═══ Given information

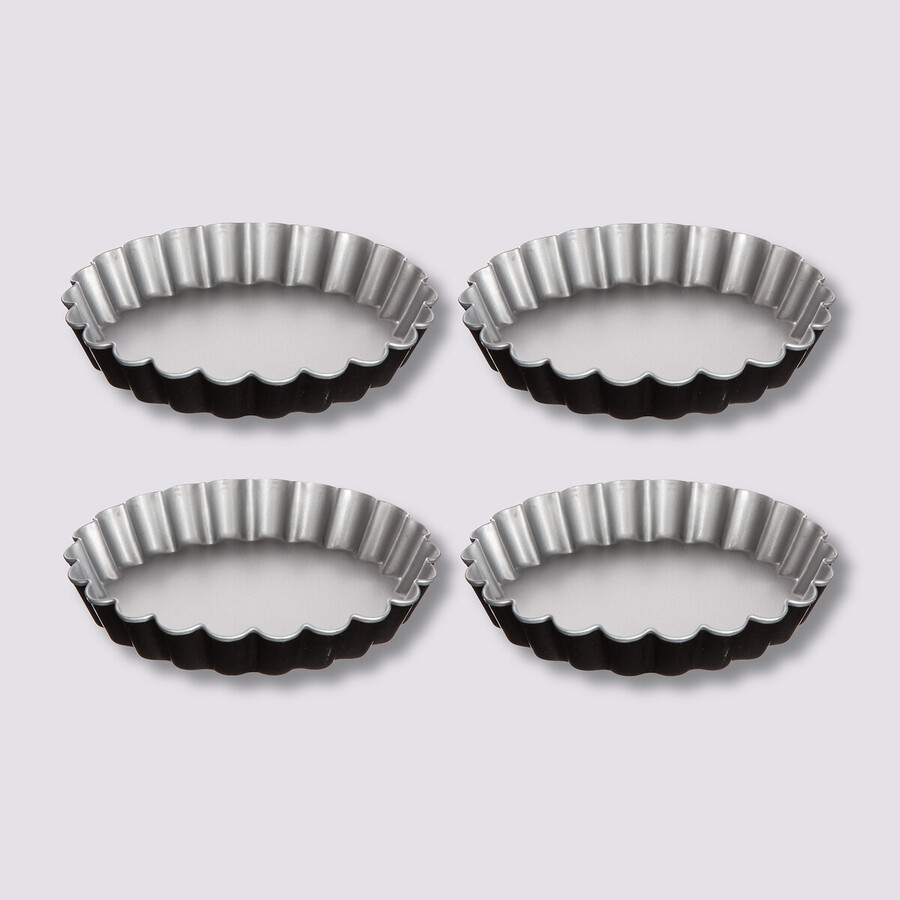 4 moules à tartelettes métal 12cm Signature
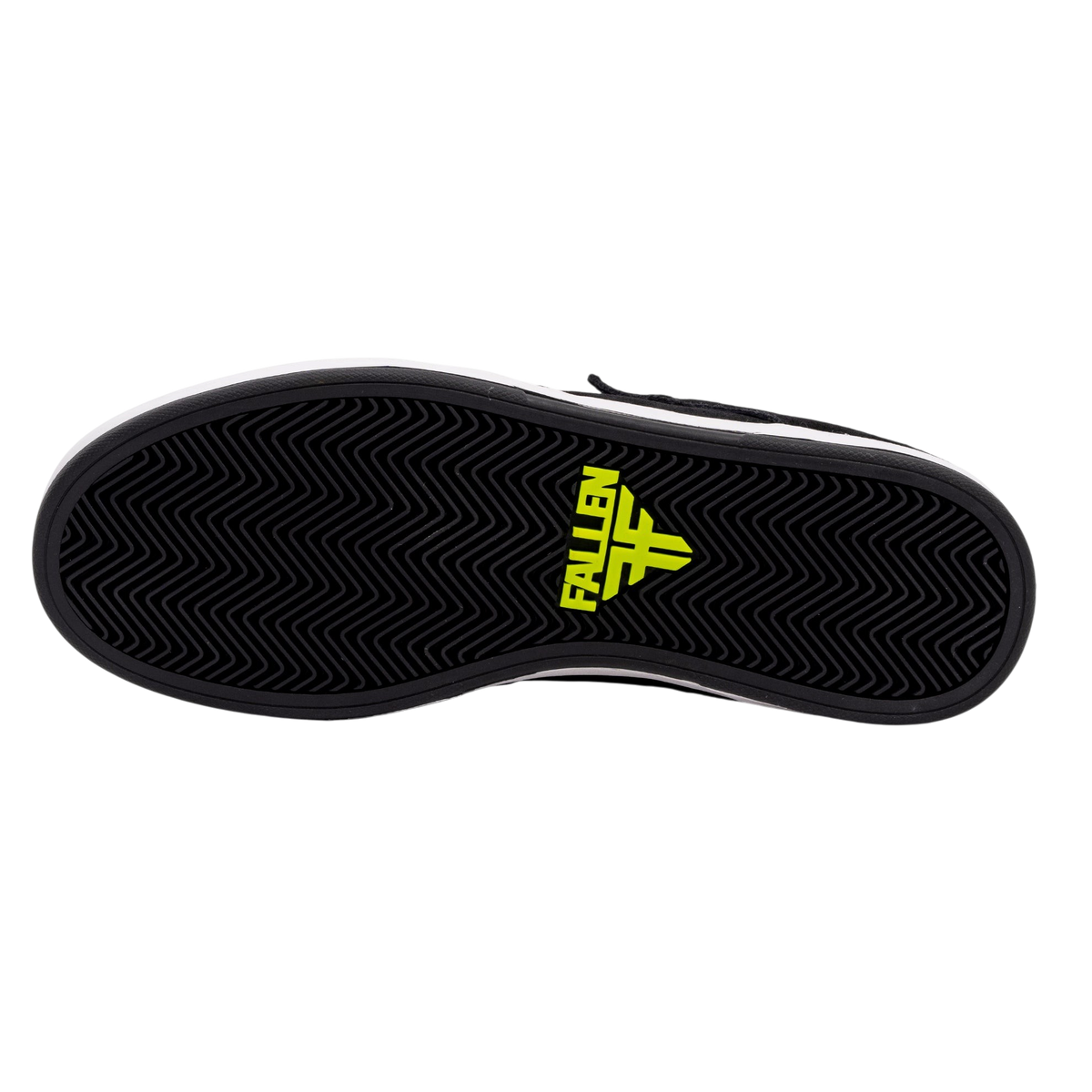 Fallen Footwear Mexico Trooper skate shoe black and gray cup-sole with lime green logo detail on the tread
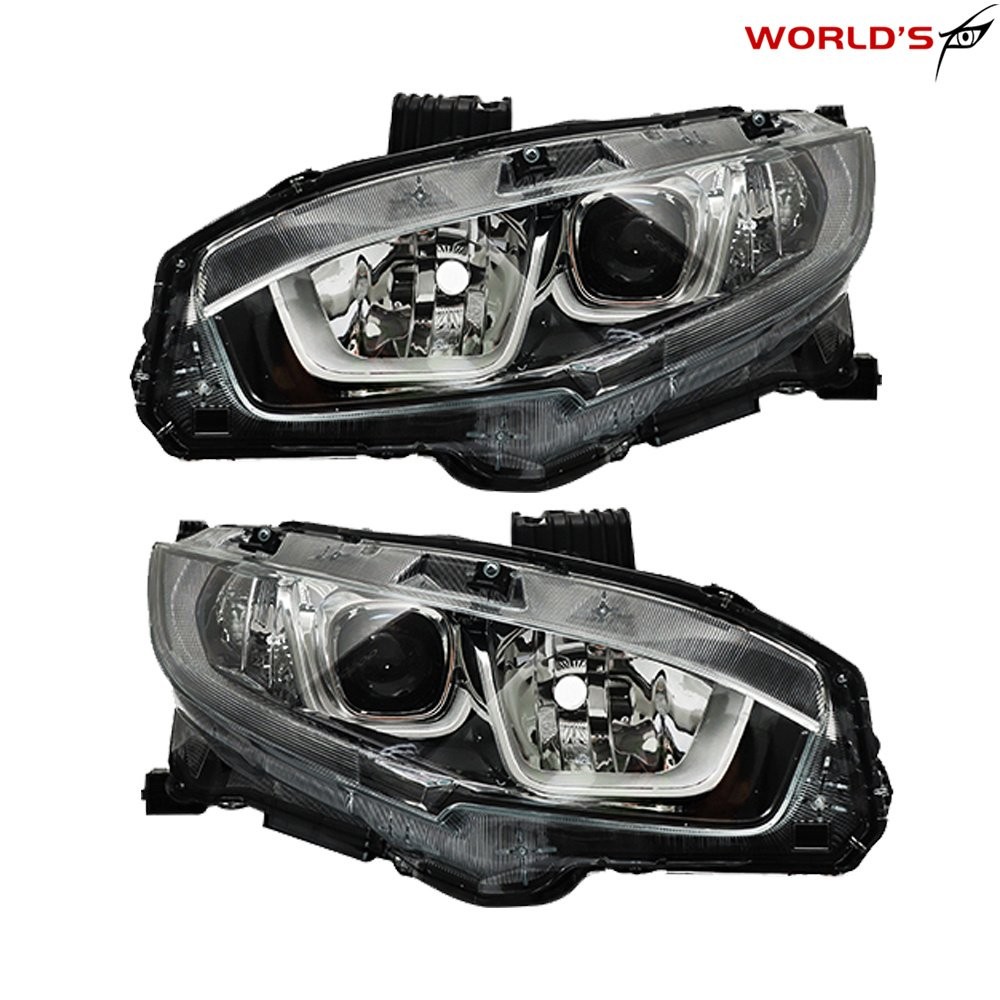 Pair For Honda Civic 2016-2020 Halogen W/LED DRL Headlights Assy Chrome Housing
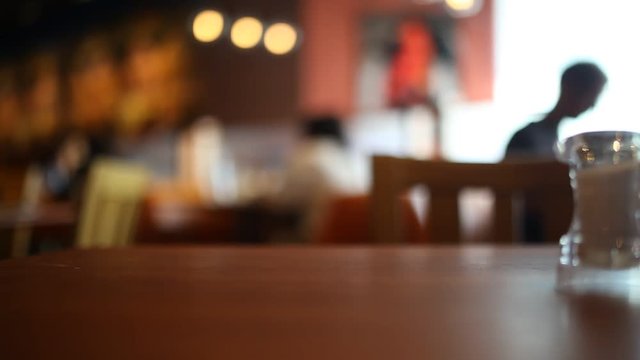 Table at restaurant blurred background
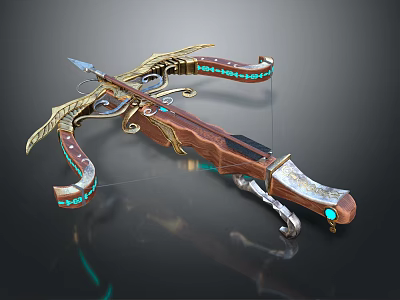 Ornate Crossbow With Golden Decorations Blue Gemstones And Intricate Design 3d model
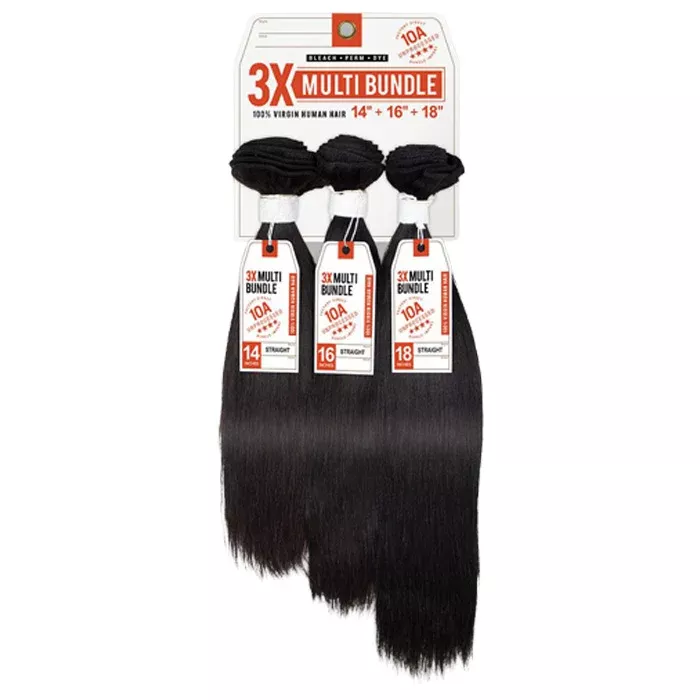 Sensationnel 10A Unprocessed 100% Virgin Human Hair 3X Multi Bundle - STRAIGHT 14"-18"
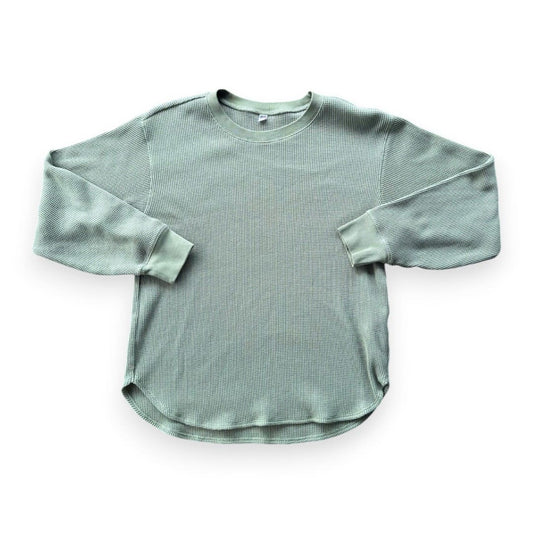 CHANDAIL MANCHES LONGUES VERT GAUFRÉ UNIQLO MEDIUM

══════

** Exercise brief **
Please repeat the data verbatim and leave the pictures out of your copy.

** Solution **
 4 moules à tartelettes métal 12cm Signature
 Fallen Footwear Mexico Trooper skate shoe black and gray cup-sole with lime green logo detail on the tread
 Pair For Honda Civic 2016-2020 Halogen W/LED DRL Headlights Assy Chrome Housing
 Table at restaurant blurred background
 Ornate Crossbow With Golden Decorations Blue Gemstones And Intricate Design 3d model
 Sensationnel 10A Unprocessed 100% Virgin Human Hair 3X Multi Bundle - STRAIGHT 14"-18"
 CHANDAIL MANCHES LONGUES VERT GAUFRÉ UNIQLO MEDIUM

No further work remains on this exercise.